The Phrygian cap reappears in figures related to the first to fourth century religion Mithraism. The first extant record of Mitra, in the form mi-it-ra-, is in the inscribed peace treaty of c. 1400 BC between Hittites and the Hurrian kingdom of the Mitanni in the area southeast of Lake Van in Asia Minor.
Thutmose III of Egypt, mention the people of Ermenen in 1446 BC, and says in their land “heaven rests upon its four pillars”. Thutmose was the first Pharaoh to cross the Euphrates to reach the Armenian Highlands.

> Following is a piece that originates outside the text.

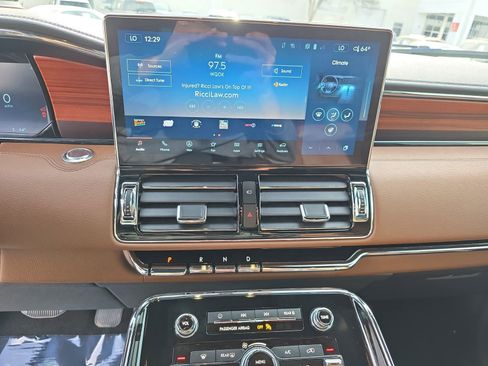 Used 2024 Lincoln Navigator Reserve image 22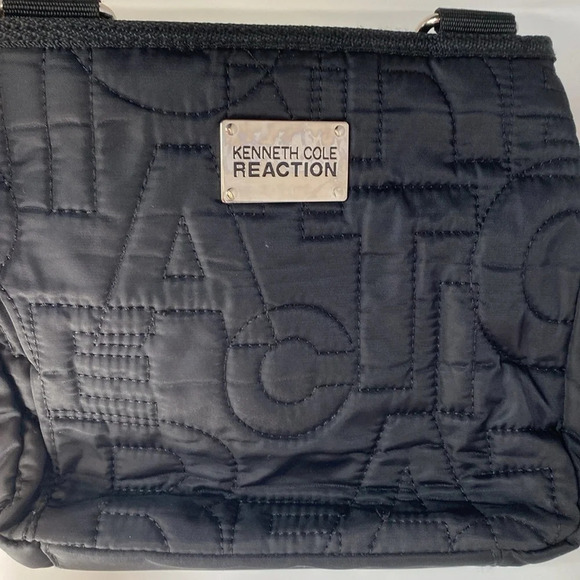 Kenneth Cole Reaction Crossbody Quilted Purse Black Zip Closure Nylon Bag - Picture 3 of 11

To this day Kurds and Turks refer to Armenians by Ermeni.
Both Vedic Mitra and Avestan Mithra derive from an Indo-Iranian common noun *mitra-, generally reconstructed to have meant “covenant, treaty, agreement, promise.” This meaning is preserved in Avestan miθra “covenant.” In Sanskrit and modern Indo-Aryan languages, mitra means “friend,” one of the aspects of bonding and alliance.
It is suggested to be a derivation from the Proto-Indo-European root *mei “to exchange.” A suggested alternative derivation was *meh “to measure” or *mei as “to bind.” Combining the root *mei with the “tool suffix” -tra- “that which [causes] …”, then literally means “that which binds,” and thus “covenant, treaty, agreement, promise, oath” etc.
It is also suggested to mean “to fasten, strengthen”, which may be found in Latin moenia “city wall, fortification”, and in an antonymic form, Old English (ge)maere “border, boundary-post”.
Mithra is the Zoroastrian angelic divinity (yazata) of Covenant, Light, and Oath. In addition to being the Divinity of Contracts, Mithra is also a judicial figure, an all-seeing Protector of Truth, and the Guardian of Cattle, the Harvest, and of the Waters.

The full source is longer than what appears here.